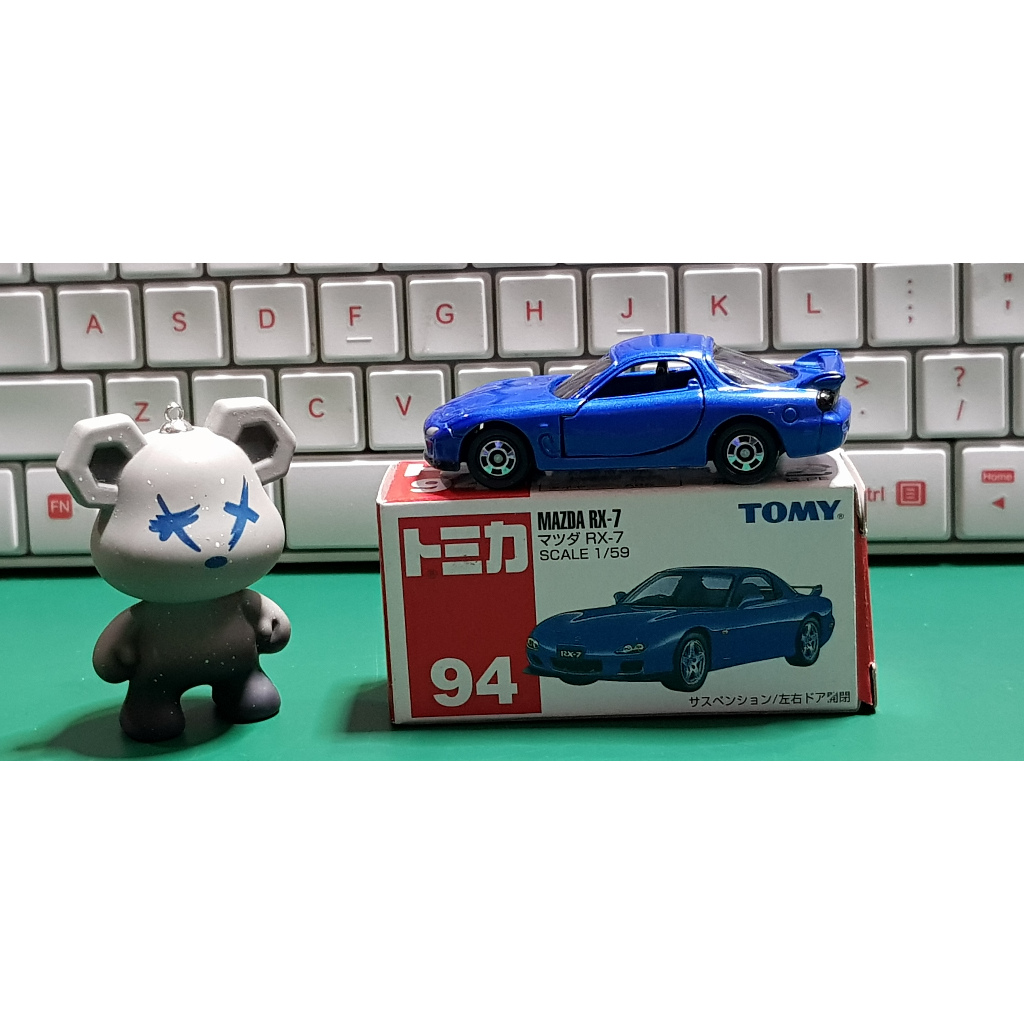Tomica mazda rx7 tomica 94 biru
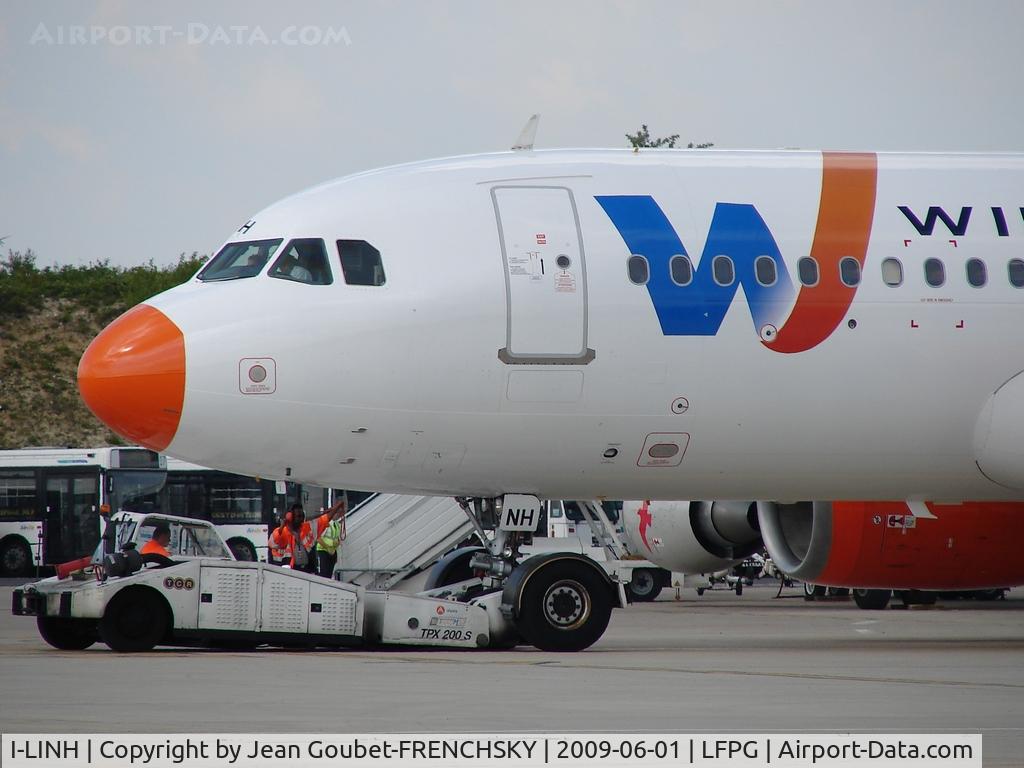 I-LINH, 1991 Airbus A320-231 C/N 163, Wind Jet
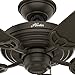 Hunter Fan Company Ceiling, 52-Inch, New Bronze Finish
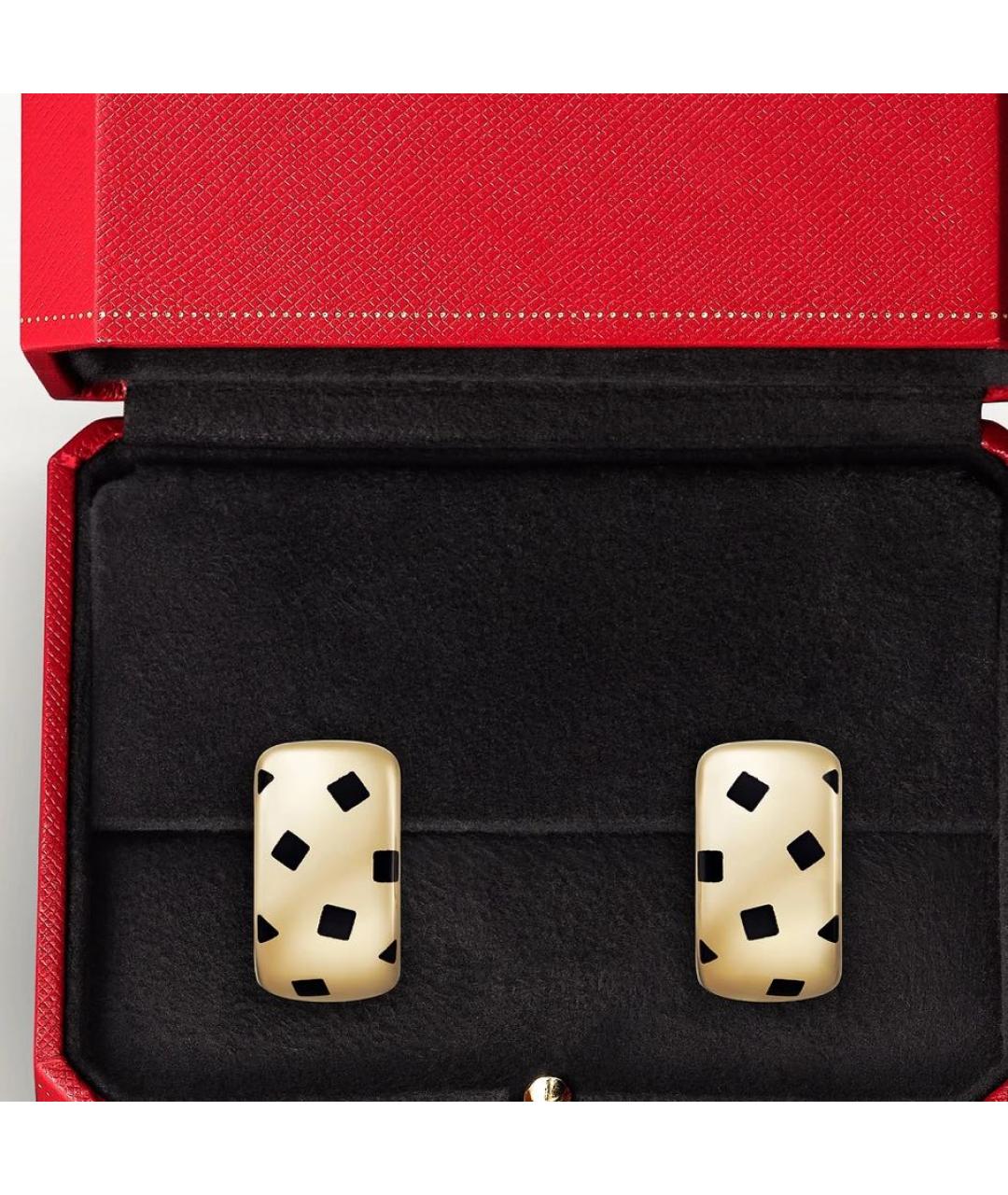CARTIER Золотые серьги из желтого золота, фото 3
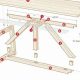 DIY Table Base Plans Woodworking: Build Strong! | Step-by-Step Guides, Tools & Inspiration to Build Beautiful Wooden Decor on a Budget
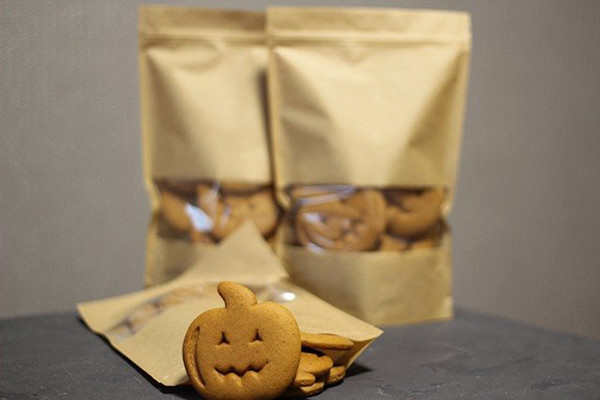 Exquisite and durable paper cookie bags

▶ _WHAT THIS TASK INVOLVES_
Reproduce every entry word for word, but skip any pictures.

▶ _ANSWER BOX_
Tomica mazda rx7 tomica 94 biru
 I-LINH, 1991 Airbus A320-231 C/N 163, Wind Jet
 Hunter Fan Company Ceiling, 52-Inch, New Bronze Finish
CARTIER Золотые серьги из желтого золота, фото 3
 DIY Table Base Plans Woodworking: Build Strong! | Step-by-Step Guides, Tools & Inspiration to Build Beautiful Wooden Decor on a Budget
 Exquisite and durable paper cookie bags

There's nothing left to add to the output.